If Events A and B are independent, the probability that either Event A or Event B occurs is:
P(A or B) = P(A) + P(B) - P(A and B)

When we say "A or B occurs" we include three possibilities:
A occurs and B does not occur;
B occurs and A does not occur;
Both A and B occur.



3. Man tosses the fair coin and throws the die for n times. What is the probability he gets a head in the coin AND 5 or 6 in the die for all n times?

P=(\frac{1}{6})^n

So, if it were: Man tosses the fair coin and throws the die for 3 times. What is the probability he gets a head in the coin AND 5 or 6 in the die 3 times?

Then simply: \frac{1}{6}*\frac{1}{6}*\frac{1}{6}=\frac{1}{216}

Answer: \frac{1}{216}



4. Man tosses the fair coin and throws the die for n times. What is the probability he gets a head in the coin AND 5 or 6 in the die k times? (Meaning that the success is when during one try (toss&throw) he gets heads and 5 or 6. So, k success tries out of n.)

Probability of success is \frac{1}{6} as we calculated in the example 1.

NOTE: If the probability of a certain event is p (1/6 in our case), then the probability of it occurring k times in n-time sequence is:

P = C^n_k*p^k*(1-p)^{n-k}

So if it were: Man tosses the fair coin and throws the die for 3 times. What is the probability he gets a head in the coin AND 5 or 6 in the die 2 times? (Meaning that the success is when during one try (toss&throw) he gets heads and 5 or 6. So, two success tries out of 3.)

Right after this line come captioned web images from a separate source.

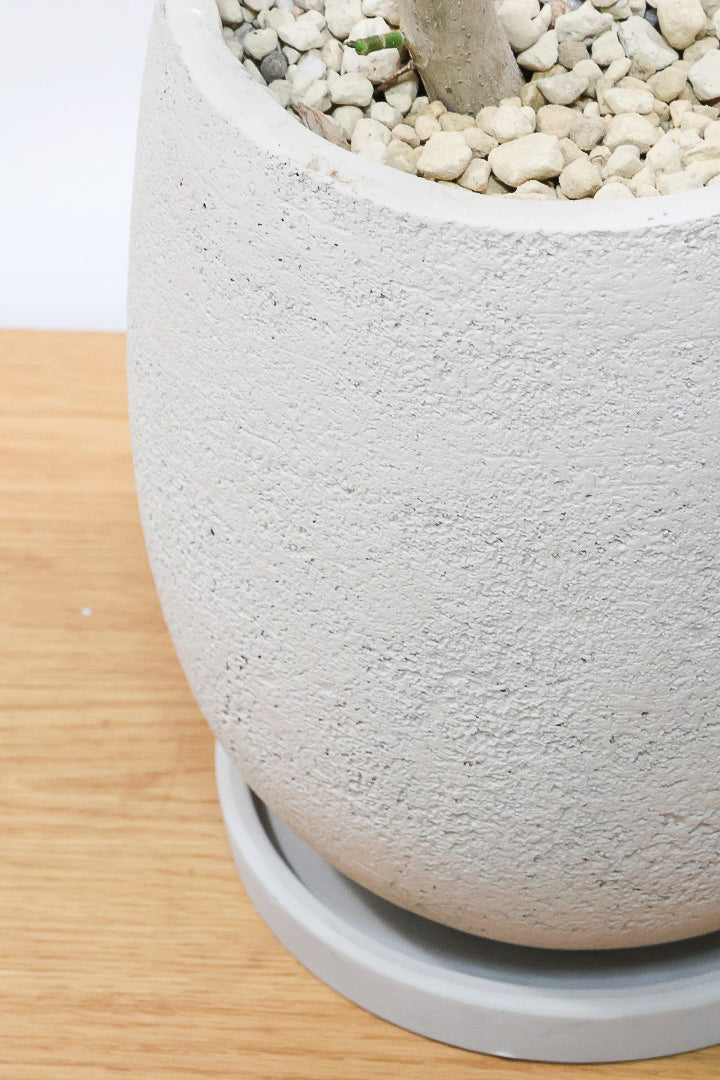 【ウンベラータ】これは幹も太くてホント良い樹形！葉の大きさもちょうどいいと思います！存在感があるのでインテリアにはピッタリ！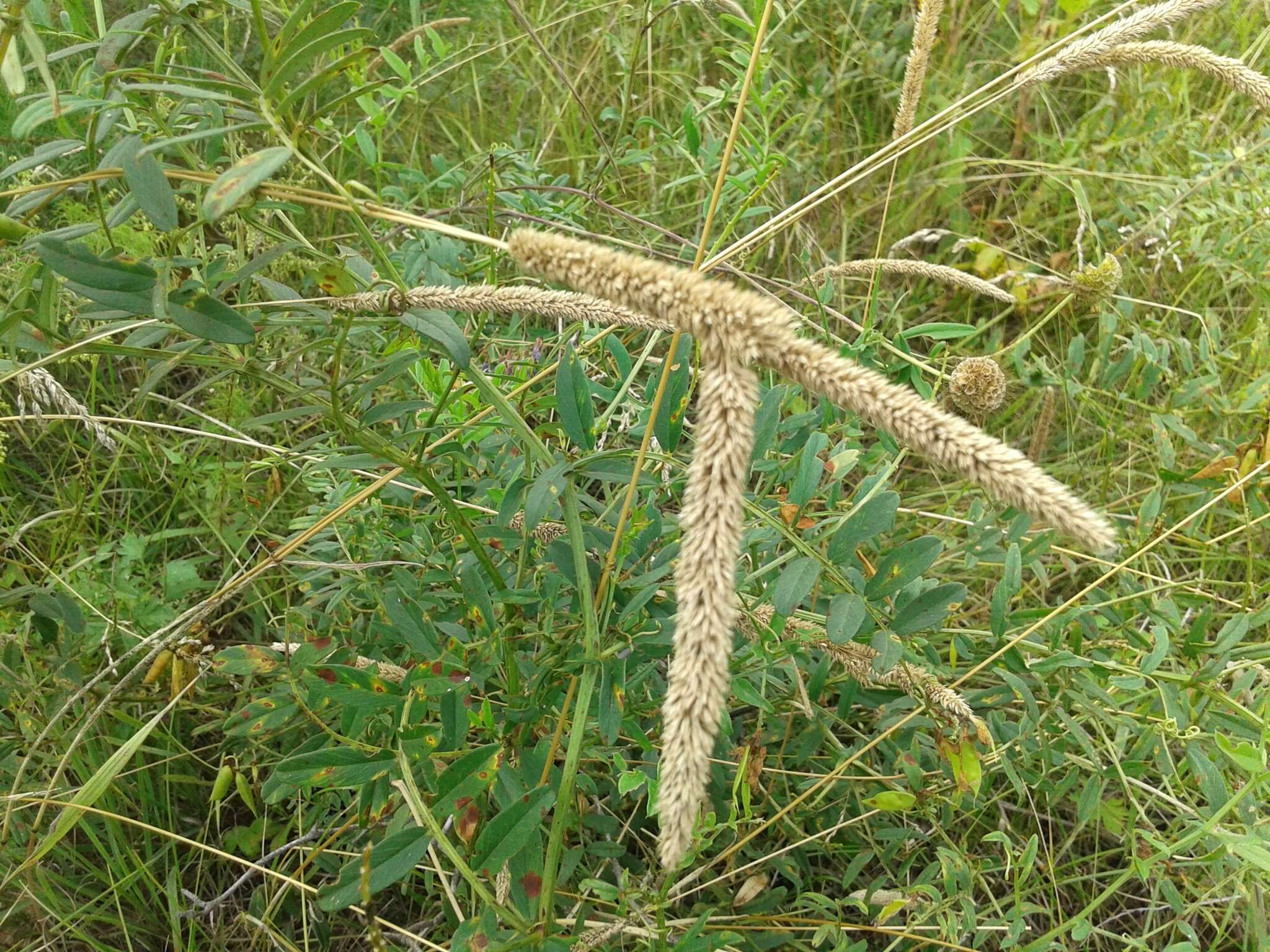 Image of Boehmer's cat's-tail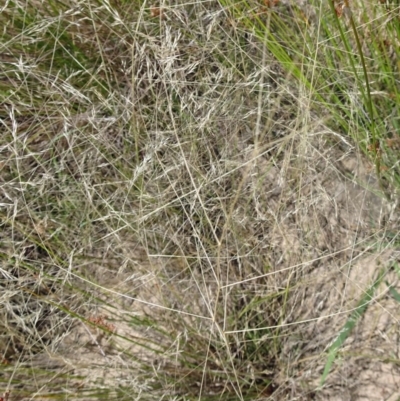 Lachnagrostis filiformis (Blown Grass) at Molonglo Valley, ACT - 22 Dec 2016 by galah681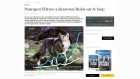 challenges abattage loups challenges abattage loups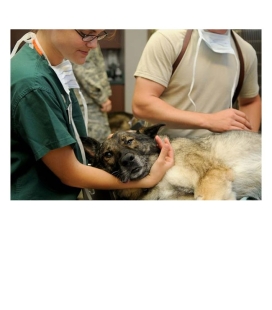 MF1589_3 Hospitalización de Animales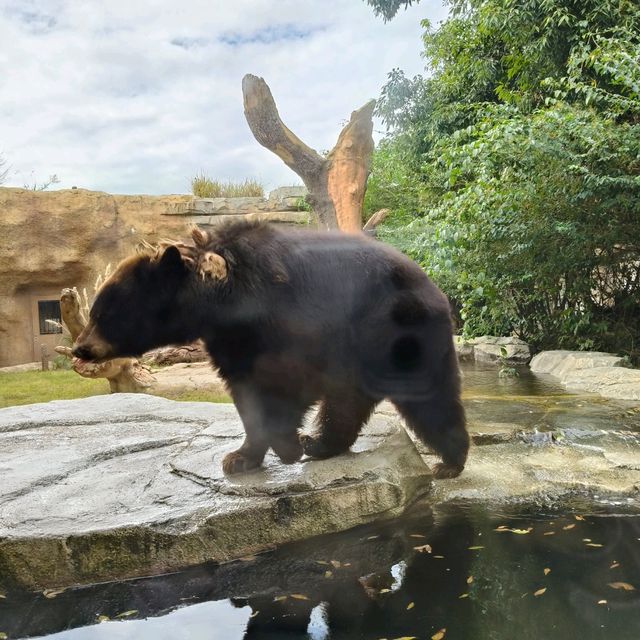 kobe animal kingdom สวนสัตว์ในร่ม แต่สัตว์เยอะมาก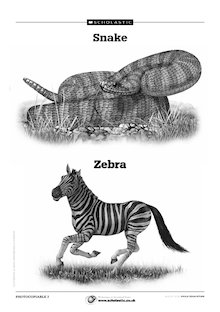 Snake and Zebra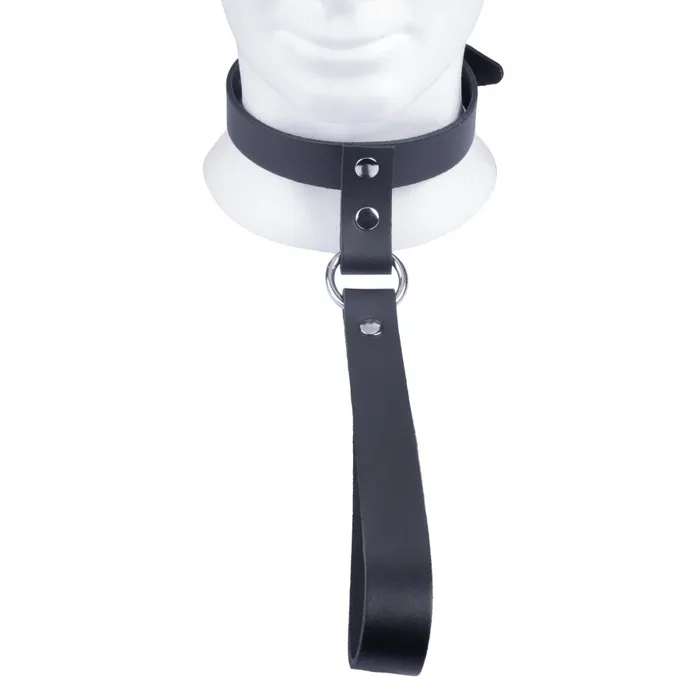 Restraints The Red Leather Collar with Short Leash The Red Restraints The Red Leather Collar with Short Leash The Red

Then: P =C^n_k*p^k*(1-p)^{n-k}= C^3_2*(\frac{1}{6})^2*(1-\frac{1}{6})^{(3-2)}=C^3_2*(\frac{1}{6})^2*\frac{5}{6}=\frac{5}{72}

Answer: \frac{5}{72}



5. Man tosses the fair coin and throws the die for n times. What is the probability he gets a head m times in the coin AND 5 or 6 in the die k times?

P(H)=\frac{1}{2} and Q(5or6)=\frac{1}{3}

The same as in the previous example: P = C^n_m*p^m*(1-p)^{n-m}*C^n_k*q^k*(1-q)^{n-k}=C^n_m*(\frac{1}{2})^m*(1-\frac{1}{2})^{n-m}*C^n_k*(\frac{1}{3})^k*(1-\frac{1}{3})^{n-k}=
=C^n_m*(\frac{1}{2})^m*(\frac{1}{2})^{n-m}*C^n_k*(\frac{1}{3})^k*(\frac{2}{3})^{n-k}

So if it were: Man tosses the fair coin and throws the die for 5 times. What is the probability he gets a head 2 times in the coin AND 5 or 6 in the die 4 times?

P = C^5_2*(\frac{1}{2})^2*(\frac{1}{2})^{(5-2)}*C^5_4*(\frac{1}{3})^4*(\frac{2}{3})^{(5-4)}=C^5_2*(\frac{1}{2})^2*(\frac{1}{2})^{3}*C^5_4*(\frac{1}{3})^4*(\frac{2}{3})=\frac{25}{1944}



6. A man alternately tosses a coin and throws a die beginning with the coin. Find the probability that he gets a head in the coin BEFORE 5 or 6 in the die.

The one case when {H,5} and {5,H} is relevant is the above example. And more I think about this problem more I think this is what was intended to ask in the question. Here, I understand why the word "alternately" is used and I understand why the stem is stating that coin is tossed first.

Basically we have the following case man is tossing the coin and throws the die for several times. We are asked to calculate the probability that he gets "heads" BEFORE he gets 5 or 6.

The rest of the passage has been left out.